WHAT IS BEING ASKED:
Copy nothing from the entries below except the lines from the one containing "沉静夜幕下的温暖芳馨：李寂的芙蓉帐故事" through the one containing "Aimee Mann –", and copy those exactly.

Dataset entries:
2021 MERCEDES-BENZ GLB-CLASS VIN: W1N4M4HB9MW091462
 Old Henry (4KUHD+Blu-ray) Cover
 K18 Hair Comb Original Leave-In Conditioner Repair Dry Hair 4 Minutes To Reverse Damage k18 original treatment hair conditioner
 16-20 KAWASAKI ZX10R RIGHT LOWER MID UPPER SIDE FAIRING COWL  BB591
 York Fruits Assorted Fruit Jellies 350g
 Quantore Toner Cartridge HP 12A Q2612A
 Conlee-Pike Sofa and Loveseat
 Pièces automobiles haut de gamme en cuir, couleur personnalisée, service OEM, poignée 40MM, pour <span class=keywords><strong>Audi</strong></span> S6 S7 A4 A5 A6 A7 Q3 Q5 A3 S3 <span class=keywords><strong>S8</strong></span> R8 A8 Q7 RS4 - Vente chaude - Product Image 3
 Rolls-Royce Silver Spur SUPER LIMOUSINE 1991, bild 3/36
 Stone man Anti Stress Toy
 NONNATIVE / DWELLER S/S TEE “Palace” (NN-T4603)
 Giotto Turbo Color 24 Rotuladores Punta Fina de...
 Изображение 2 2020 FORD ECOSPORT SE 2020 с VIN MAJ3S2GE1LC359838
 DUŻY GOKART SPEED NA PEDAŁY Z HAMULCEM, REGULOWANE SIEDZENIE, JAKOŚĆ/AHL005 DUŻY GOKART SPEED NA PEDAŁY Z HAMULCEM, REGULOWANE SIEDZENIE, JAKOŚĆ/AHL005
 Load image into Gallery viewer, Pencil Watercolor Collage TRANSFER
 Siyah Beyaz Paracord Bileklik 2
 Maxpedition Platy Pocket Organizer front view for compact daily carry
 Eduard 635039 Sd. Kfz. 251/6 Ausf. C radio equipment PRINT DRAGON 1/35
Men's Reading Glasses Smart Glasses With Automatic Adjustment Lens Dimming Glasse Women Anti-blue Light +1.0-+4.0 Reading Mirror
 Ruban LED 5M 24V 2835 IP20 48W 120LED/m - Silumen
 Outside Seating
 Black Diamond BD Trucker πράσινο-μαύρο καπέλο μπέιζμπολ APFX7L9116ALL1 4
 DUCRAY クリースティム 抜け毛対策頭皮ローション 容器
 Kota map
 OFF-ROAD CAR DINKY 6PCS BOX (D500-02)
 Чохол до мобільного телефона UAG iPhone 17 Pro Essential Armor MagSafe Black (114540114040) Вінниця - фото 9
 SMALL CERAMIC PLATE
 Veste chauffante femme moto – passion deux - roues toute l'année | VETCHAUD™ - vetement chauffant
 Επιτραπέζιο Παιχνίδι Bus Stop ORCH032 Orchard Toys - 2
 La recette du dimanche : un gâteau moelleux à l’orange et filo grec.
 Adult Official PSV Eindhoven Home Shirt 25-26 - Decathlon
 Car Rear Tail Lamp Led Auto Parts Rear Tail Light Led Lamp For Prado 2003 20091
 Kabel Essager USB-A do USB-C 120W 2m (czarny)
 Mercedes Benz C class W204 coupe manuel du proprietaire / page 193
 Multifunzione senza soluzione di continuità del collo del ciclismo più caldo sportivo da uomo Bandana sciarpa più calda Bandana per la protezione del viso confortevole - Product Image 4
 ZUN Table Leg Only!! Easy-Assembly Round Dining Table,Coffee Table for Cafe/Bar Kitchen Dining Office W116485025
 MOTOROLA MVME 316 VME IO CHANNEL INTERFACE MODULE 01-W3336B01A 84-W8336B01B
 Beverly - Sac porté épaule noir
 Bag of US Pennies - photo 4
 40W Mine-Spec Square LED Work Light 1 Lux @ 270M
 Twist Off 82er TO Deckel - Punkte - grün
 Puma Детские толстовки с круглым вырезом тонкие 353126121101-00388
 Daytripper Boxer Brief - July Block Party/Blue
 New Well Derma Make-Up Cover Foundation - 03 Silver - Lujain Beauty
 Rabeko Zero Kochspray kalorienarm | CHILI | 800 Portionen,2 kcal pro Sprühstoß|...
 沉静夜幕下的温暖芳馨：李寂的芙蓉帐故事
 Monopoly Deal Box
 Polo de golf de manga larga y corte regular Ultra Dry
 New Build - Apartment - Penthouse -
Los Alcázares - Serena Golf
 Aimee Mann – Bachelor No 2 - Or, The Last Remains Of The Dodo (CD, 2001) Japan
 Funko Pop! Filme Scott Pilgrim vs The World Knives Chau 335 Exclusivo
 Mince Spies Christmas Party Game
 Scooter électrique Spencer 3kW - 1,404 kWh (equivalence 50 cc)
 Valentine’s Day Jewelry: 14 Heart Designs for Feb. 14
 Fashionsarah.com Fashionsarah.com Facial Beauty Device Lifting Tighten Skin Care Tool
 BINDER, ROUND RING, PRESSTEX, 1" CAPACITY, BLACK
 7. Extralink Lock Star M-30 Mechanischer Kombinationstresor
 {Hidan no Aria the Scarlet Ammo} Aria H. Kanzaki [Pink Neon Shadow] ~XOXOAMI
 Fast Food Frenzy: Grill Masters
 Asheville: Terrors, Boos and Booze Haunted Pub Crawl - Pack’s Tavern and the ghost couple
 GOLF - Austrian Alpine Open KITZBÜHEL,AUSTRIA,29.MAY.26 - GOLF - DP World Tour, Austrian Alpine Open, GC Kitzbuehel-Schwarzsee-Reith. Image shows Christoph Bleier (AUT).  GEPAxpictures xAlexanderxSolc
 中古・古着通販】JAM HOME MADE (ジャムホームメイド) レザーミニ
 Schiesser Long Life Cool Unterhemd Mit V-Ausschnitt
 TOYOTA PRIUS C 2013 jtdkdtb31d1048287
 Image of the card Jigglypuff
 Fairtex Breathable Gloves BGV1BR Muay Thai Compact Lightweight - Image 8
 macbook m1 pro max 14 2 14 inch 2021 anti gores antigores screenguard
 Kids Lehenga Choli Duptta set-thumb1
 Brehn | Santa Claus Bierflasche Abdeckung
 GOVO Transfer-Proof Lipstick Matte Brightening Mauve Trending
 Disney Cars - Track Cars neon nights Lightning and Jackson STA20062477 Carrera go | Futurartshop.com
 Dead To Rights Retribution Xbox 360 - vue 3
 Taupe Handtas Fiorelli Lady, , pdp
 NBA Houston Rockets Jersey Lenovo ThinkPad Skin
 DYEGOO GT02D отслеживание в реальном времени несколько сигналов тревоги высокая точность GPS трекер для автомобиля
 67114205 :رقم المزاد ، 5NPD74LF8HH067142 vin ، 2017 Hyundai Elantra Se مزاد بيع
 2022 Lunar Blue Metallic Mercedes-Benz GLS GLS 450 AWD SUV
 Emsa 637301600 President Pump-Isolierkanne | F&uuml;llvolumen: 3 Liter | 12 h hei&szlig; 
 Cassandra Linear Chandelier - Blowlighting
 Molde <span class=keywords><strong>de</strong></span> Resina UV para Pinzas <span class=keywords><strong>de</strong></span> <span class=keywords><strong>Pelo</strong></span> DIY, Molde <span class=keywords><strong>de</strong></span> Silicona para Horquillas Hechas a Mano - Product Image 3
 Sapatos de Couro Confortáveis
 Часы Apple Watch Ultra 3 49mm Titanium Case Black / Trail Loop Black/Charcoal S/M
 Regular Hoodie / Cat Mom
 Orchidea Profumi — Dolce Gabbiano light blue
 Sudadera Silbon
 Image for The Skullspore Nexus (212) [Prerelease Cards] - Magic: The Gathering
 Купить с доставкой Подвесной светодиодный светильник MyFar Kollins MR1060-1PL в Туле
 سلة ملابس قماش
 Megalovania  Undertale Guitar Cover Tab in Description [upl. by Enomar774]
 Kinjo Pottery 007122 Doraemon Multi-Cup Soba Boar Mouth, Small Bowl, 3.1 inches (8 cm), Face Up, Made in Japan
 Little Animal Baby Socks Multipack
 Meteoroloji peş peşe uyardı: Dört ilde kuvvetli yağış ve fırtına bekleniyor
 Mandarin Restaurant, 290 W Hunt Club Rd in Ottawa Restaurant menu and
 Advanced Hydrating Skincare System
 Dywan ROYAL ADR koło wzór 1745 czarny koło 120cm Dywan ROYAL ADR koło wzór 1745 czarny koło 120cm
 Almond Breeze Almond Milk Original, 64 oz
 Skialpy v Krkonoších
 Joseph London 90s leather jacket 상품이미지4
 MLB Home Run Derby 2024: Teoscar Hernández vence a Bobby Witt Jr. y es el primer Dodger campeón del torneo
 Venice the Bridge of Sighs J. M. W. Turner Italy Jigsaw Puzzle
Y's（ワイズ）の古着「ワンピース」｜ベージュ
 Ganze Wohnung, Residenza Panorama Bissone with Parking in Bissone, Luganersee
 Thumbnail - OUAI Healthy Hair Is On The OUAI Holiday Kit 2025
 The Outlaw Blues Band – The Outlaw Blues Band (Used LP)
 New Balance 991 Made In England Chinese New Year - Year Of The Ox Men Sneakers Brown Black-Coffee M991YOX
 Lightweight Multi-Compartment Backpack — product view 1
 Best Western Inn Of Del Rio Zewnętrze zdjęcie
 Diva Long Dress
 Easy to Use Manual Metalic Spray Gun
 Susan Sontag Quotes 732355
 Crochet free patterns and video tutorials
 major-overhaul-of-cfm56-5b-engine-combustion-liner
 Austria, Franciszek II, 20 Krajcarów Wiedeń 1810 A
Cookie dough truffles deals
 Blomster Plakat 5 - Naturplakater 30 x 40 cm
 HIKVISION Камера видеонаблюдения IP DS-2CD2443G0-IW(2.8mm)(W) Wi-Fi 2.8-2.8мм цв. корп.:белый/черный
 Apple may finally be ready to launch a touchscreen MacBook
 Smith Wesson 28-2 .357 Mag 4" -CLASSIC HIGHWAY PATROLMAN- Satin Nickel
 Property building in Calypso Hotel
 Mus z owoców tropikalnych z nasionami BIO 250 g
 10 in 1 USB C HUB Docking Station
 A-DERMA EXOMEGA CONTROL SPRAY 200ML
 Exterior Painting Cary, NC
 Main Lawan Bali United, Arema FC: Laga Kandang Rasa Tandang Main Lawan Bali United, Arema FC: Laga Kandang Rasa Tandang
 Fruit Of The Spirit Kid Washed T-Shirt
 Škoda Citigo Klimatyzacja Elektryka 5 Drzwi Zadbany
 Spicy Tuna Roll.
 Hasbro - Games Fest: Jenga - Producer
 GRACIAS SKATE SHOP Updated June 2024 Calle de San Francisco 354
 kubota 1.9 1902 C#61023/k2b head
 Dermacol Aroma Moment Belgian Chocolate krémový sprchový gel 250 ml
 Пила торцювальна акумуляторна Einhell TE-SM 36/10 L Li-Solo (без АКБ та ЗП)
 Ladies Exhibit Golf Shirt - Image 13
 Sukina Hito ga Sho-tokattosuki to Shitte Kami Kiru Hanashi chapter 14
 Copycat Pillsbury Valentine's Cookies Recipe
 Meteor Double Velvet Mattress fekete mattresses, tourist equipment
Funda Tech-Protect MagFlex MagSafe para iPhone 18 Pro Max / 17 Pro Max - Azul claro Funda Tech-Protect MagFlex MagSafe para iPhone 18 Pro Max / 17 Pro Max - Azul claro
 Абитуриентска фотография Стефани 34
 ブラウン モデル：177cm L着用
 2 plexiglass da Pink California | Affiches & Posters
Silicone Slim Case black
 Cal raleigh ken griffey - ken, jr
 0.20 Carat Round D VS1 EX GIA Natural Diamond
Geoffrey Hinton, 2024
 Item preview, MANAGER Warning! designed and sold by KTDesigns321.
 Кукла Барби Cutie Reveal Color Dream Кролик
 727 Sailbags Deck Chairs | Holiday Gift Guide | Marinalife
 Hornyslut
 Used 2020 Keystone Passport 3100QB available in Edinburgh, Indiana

WRITTEN REPLY:
 沉静夜幕下的温暖芳馨：李寂的芙蓉帐故事
 Monopoly Deal Box
 Polo de golf de manga larga y corte regular Ultra Dry
 New Build - Apartment - Penthouse -
Los Alcázares - Serena Golf
 Aimee Mann – Bachelor No 2 - Or, The Last Remains Of The Dodo (CD, 2001) Japan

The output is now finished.